# toshiba vs dell laptop: pls suggest



## samudragupta (Aug 12, 2010)

Hi friends. Please suggest me a good laptop between toshiba and dell. Id prefer toshiba. My budget is 40k and will use the pc for some gaming and movies. Ideally a 15inch screen. Pls dont suggest Hp or any brand as my compaq sucked. Ive checked toshiba india website but was confused. Any help is appreciated. Thanks.


----------



## ravi_9793 (Aug 12, 2010)

Dell is better when compared with Tosiba.
Take Dell complete cover warranty.


----------



## sude (Aug 12, 2010)

+1 for Dell...

you would get Core i3, 4g RAM, 500G HDD, 15" LCD and more in 39000/- and if u exchange your old one, 5000 off!!!


----------



## SlashDK (Aug 13, 2010)

even toshiba is good. i've got one and am satisfied with it


----------



## samudragupta (Aug 13, 2010)

thanx alot friends.
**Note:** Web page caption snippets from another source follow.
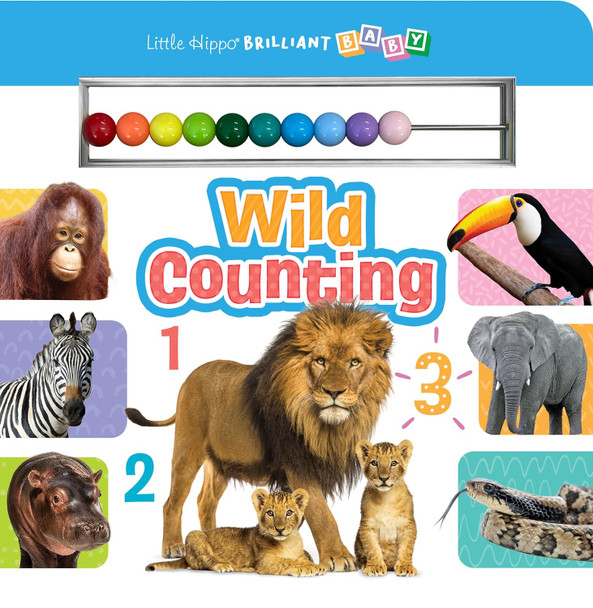 Wild Counting (Board Book)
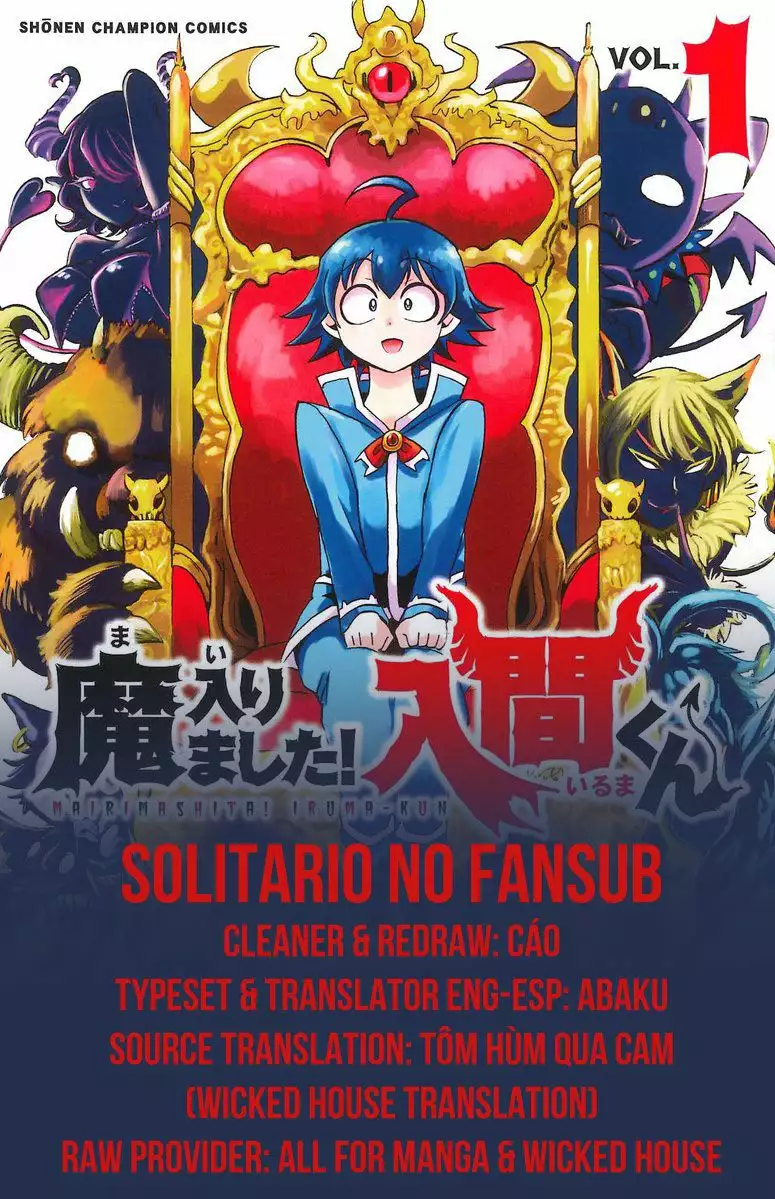 Mairimashita! Iruma-kun capítulo 2 página 31
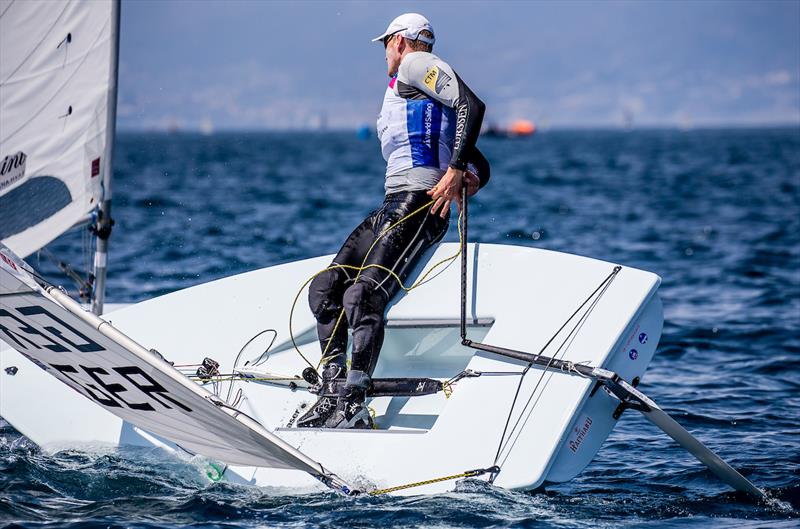 Genoa World Cup Series 2019 day 4 photo copyright Sailing Energy taken at  and featuring the ILCA 7 class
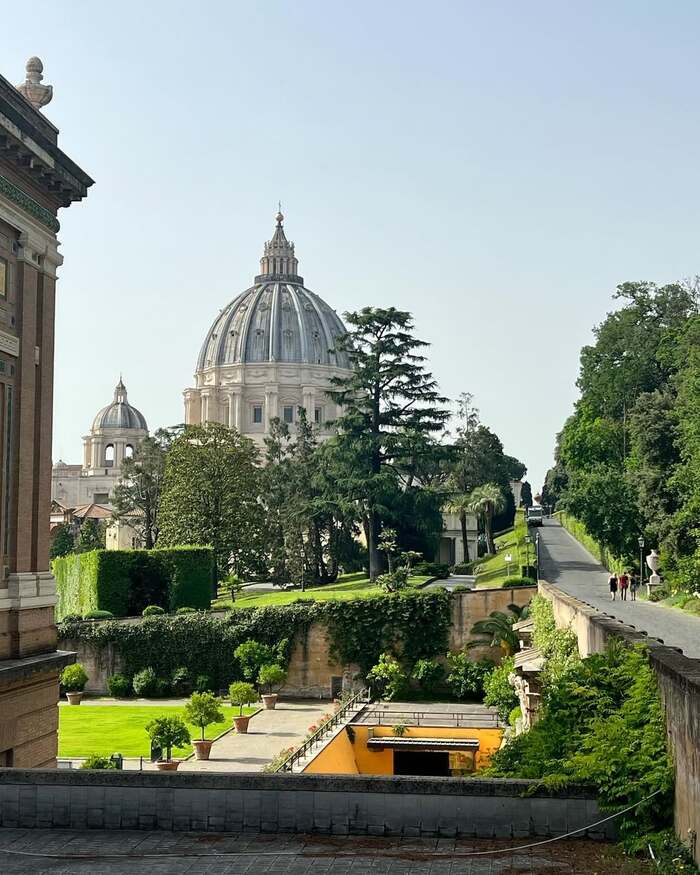 Du lịch Thành Vatican
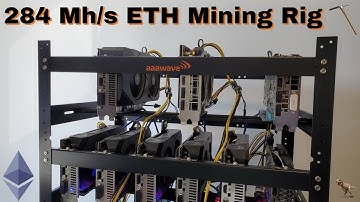 9 GPU Ethereum Mining Rig & Testing 1 to 4 PCIE USB Splitter Cards! (Sluice V2 Review)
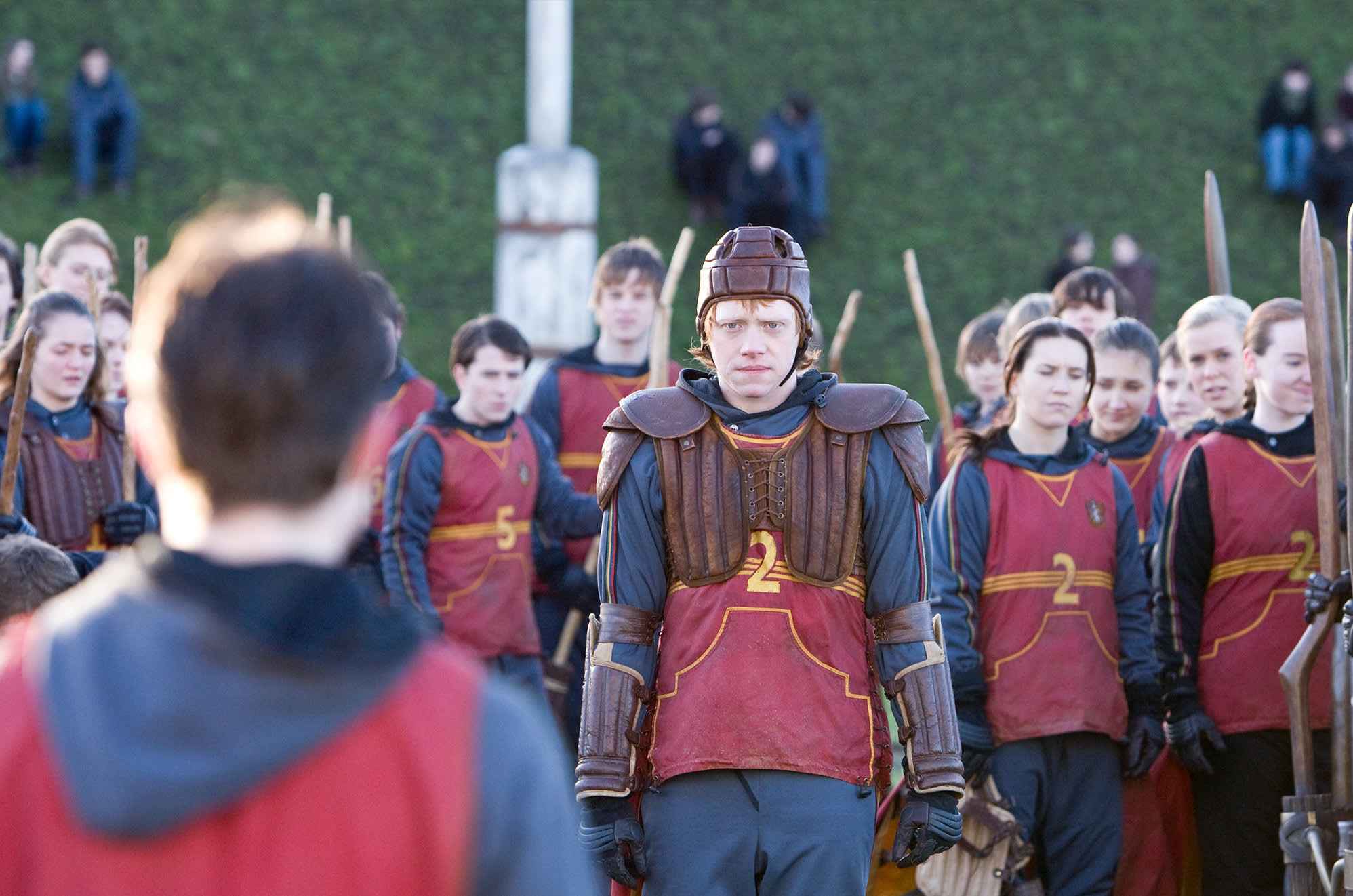 Ron Quidditch tryouts quidditch HP6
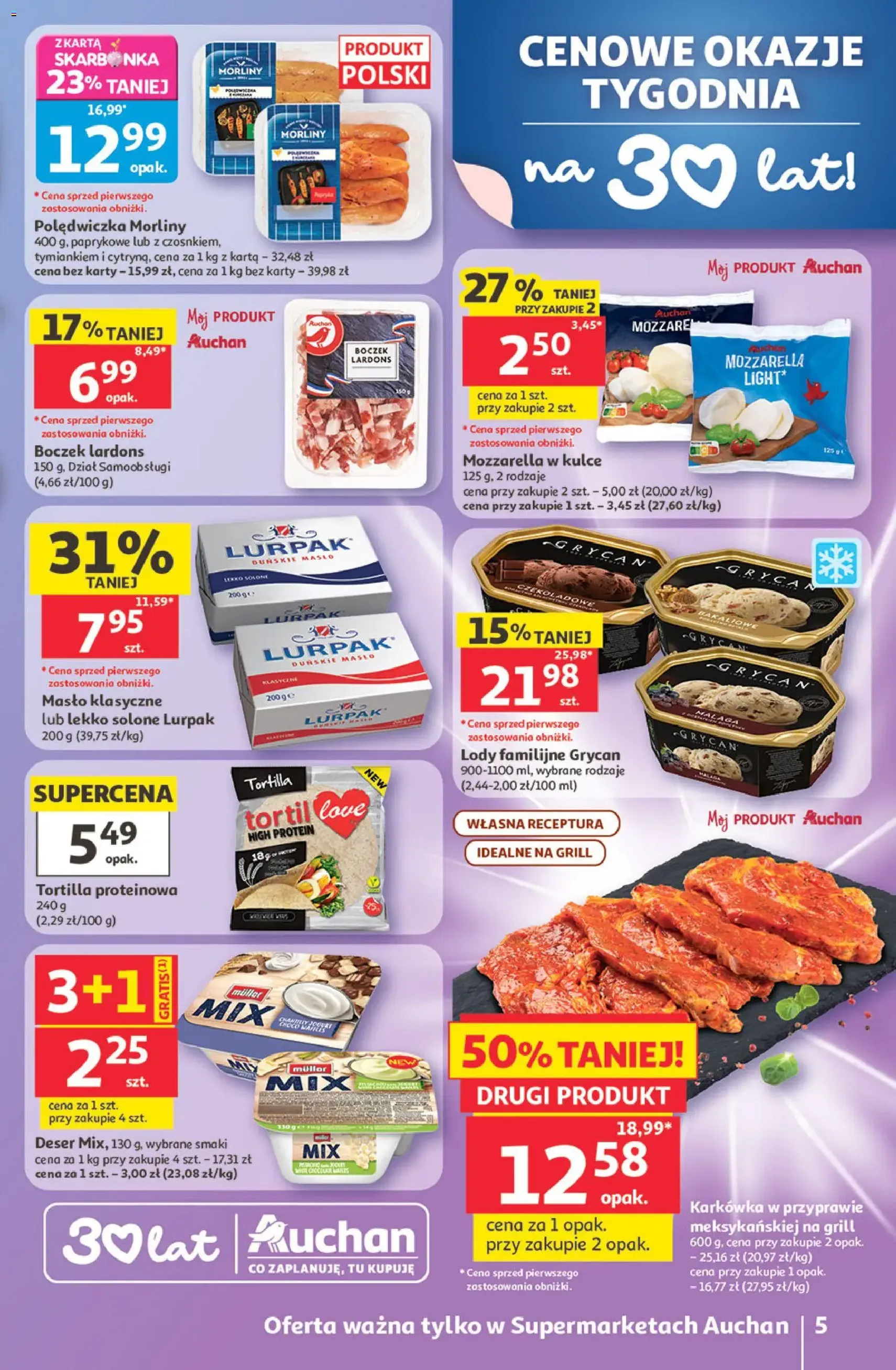 Auchan gazetka - ważny gazetka od 14.05.2026 strona 5 z 8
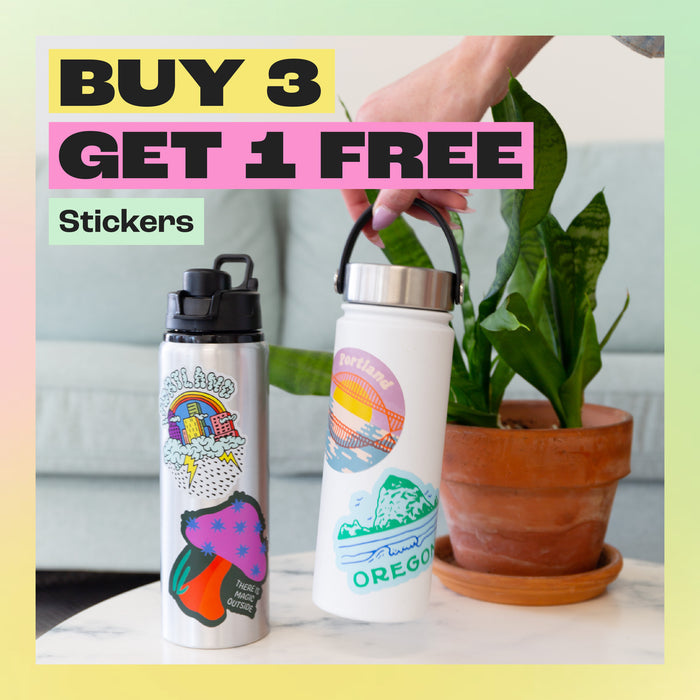 WA Landscape Sticker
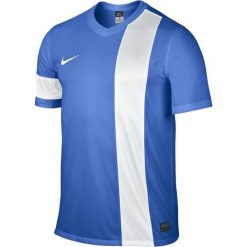 Nike Koszulka męska SS Striker III Jersey niebieska r. M (520460 463). Niebieskie t-shirty męskie Nike, m, z jersey. Za 69,00 zł.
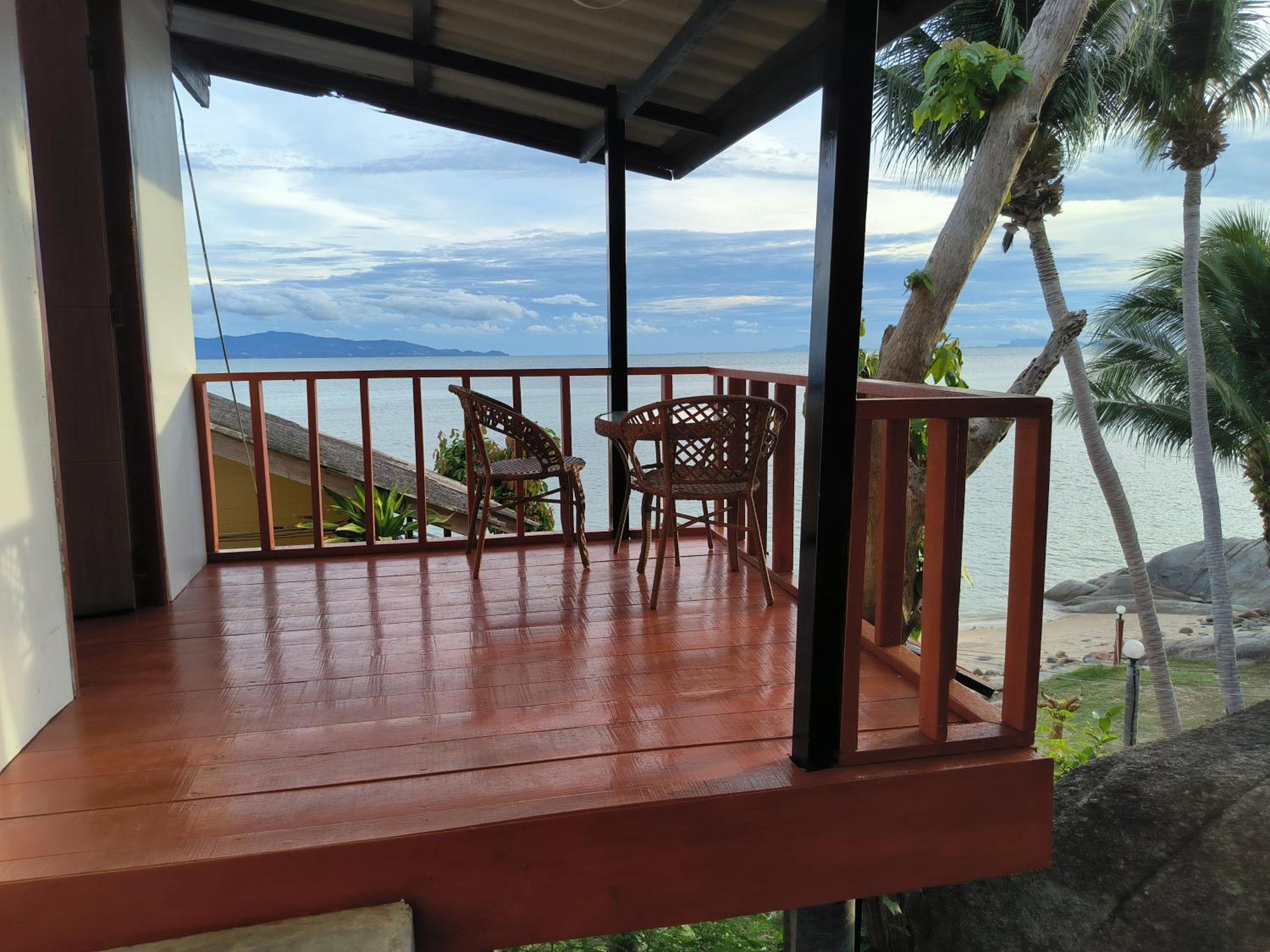Golden Beach Resort Koh Phangan بان تاي الغرفة الصورة
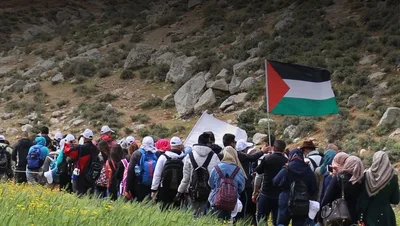 الإحصاء وسلطة البيئة الفلسطينية: 37% من مساحة الضفة الغربية مراعي طبيعية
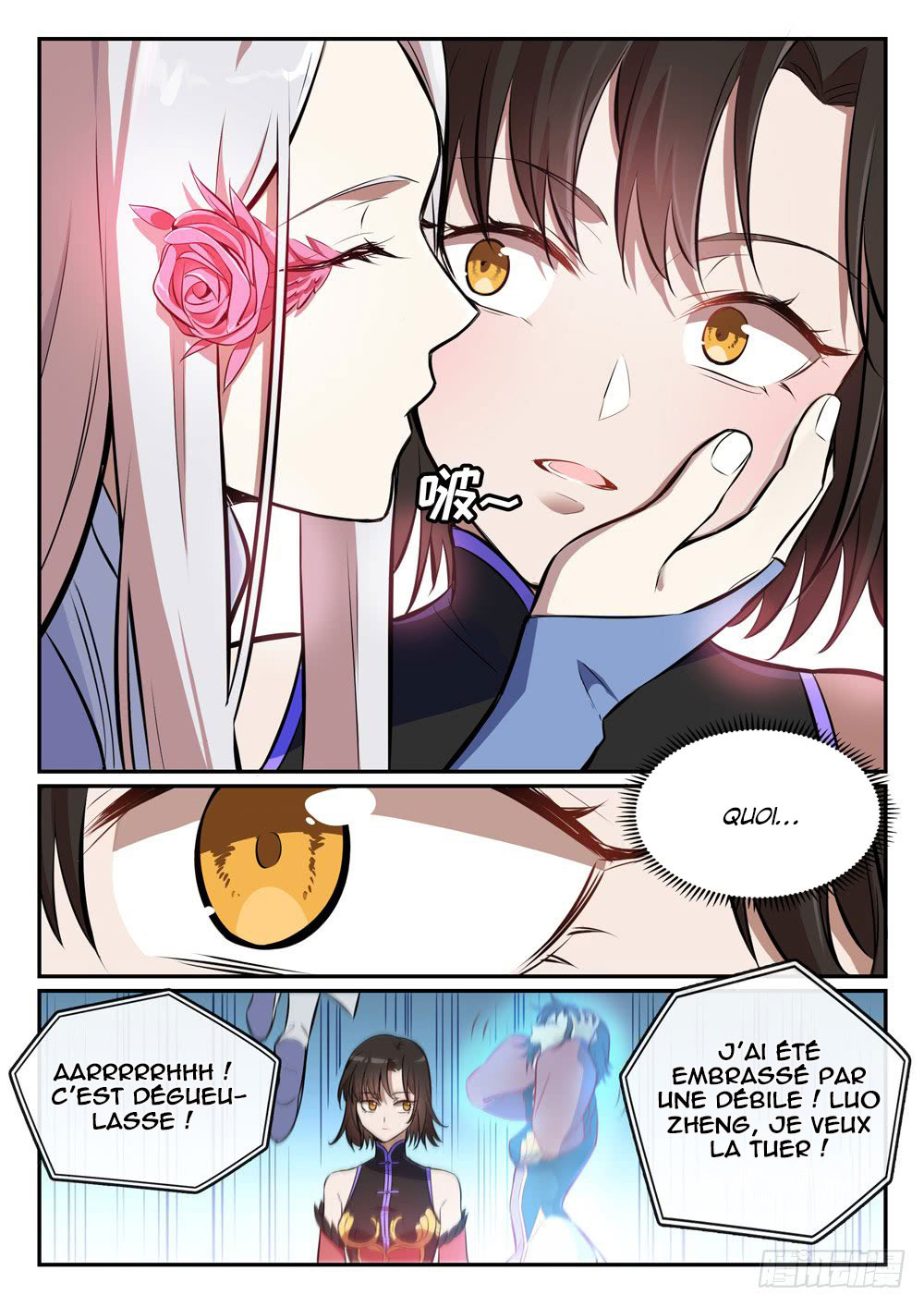 Apotheosis Chapitre 438 - Page 10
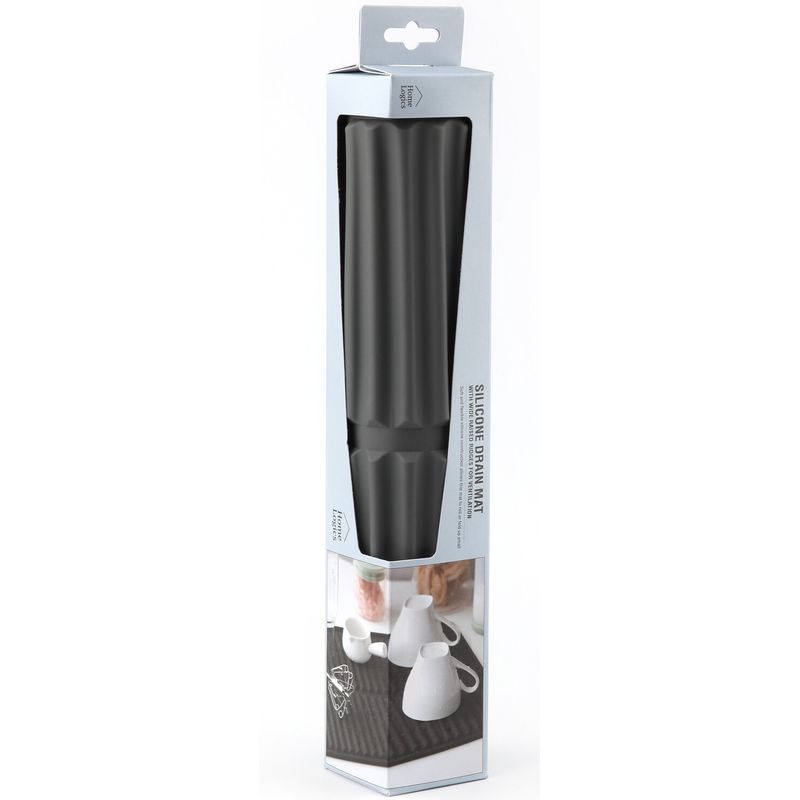 HOME LOGICS - Escurridor Secador De Silicona Para Platos Vasos Home Logics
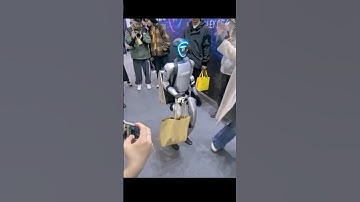 Humanoid Robots Are Taking Over Everyday Life #futuretech #robotdogs #unitree #RobotAssistant#shorts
Any specific model you would suggest.


----------



## ico (Aug 13, 2010)

yup, go for Dell.


----------



## suyash_123 (Aug 13, 2010)

My Vote  :- DELL

There service Is Very very quick.

My frd faced prob In sceen , he made Compaint in Helpline 
2nd day he recieved a coriuer as screen and 3rd day Person came and replace it....

Nice man!


----------



## sude (Aug 14, 2010)

suyash_123 said:


> My Vote  :- DELL
> 
> There service Is Very very quick.
> 
> ...



Really... thats great!!


----------